Kirby Air Ride - Flotter Funracer oder billiger Mario Kart-Klon?

Funracer haben es heutzutage nicht einfach. Vergleiche mit Spitzenreiter Mario Kart lassen viele Spiele alt aussehen. Nicht verwunderlich, denn oftmals werden Ideen einfach abgekupfert, ohne igrendeine Eigenständigkeit. Auch Genre-Jongleur Kirby versuchte sich an hohen Geschwindigkeiten auf verrückten Strecken. Kritiker zerreisten aber zu seiner Zeit das Spiel und stempelten es als einen lahmen Atemzug der Reihe ab. Nach über 10 Jahren will ich aber einen genauen Blick auf das Spiel werfen und erläutern, ob etwas an den ganzen negativen Aussagen dran sein könnte. Das und noch vieles mehr, erfahrt in meinem Test zu Kirby Air Ride.
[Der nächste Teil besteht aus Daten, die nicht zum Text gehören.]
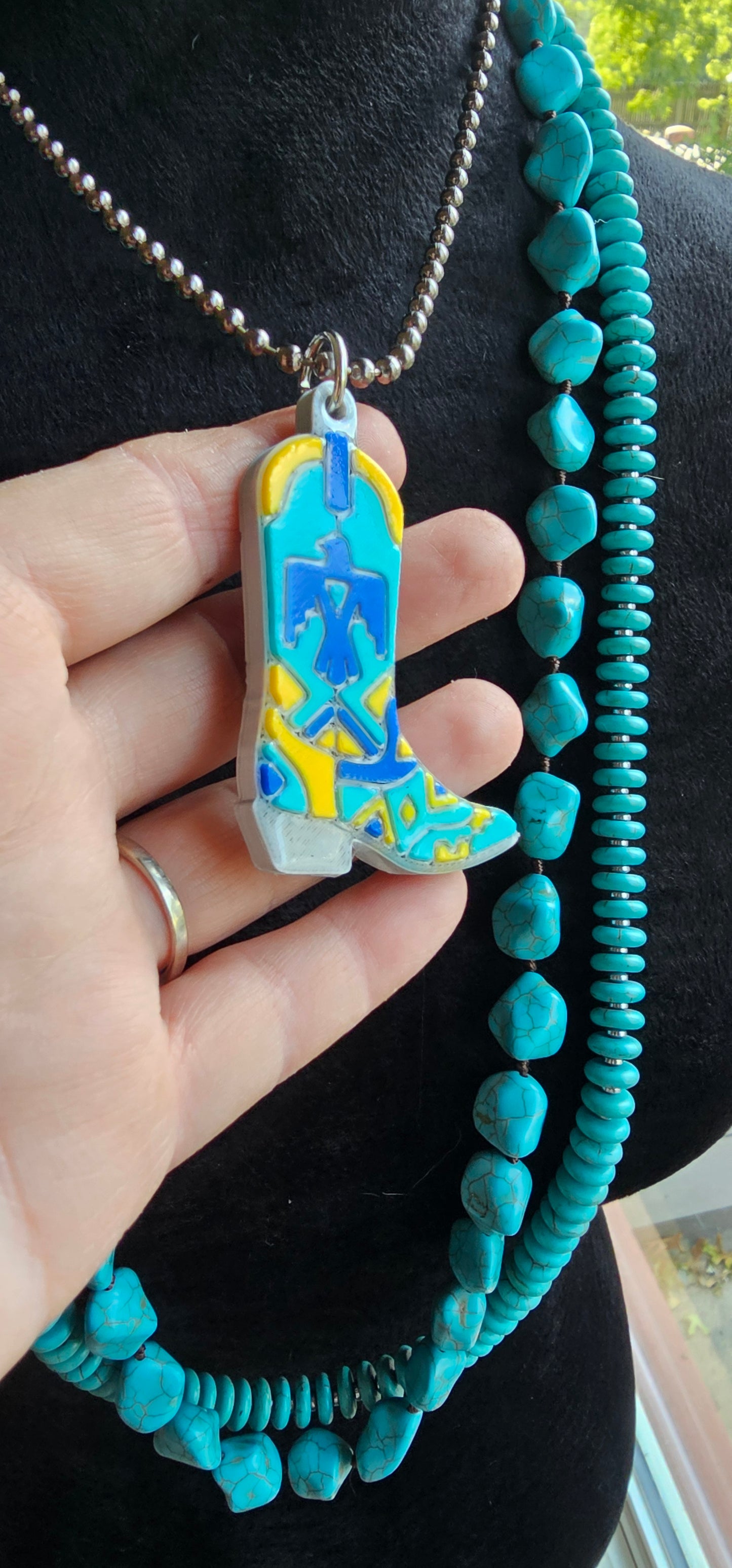 Baha Ranch 3D Print Blue Thunderbird Inlay Boot Necklace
Kirby Air Ride ist ein Funracer der besonderen Art. Am besten lässt es sich anfangs mit Super Smash Bros. vergleichen. Richtig gehört, den wie in Smash stehen euch von Anfang mehrere Modi und Auswahlmöglichkeiten zur Verfügung. Ins Auge stechen dabei die drei Hauptmodie Air Ride, Top Ride und City Trial. Da diese sehr eigenständig und nicht miteinander zu vergleichen sind, werde ich im Folgenden der Übersichthalber einzeln und detailiert auf die Modi eingehen. Auf eine allgemeine Sache will ich aber hier noch eingehen: Die Steuerung. Das Spiel bedient sich einer äußerst simplen Variante. Im Grunde steuert ihr das Spiel ausschließlich mit dem Joy-Stick und dem A-Knopf. Euer Fahrzeug beschleunigt immer von alleine.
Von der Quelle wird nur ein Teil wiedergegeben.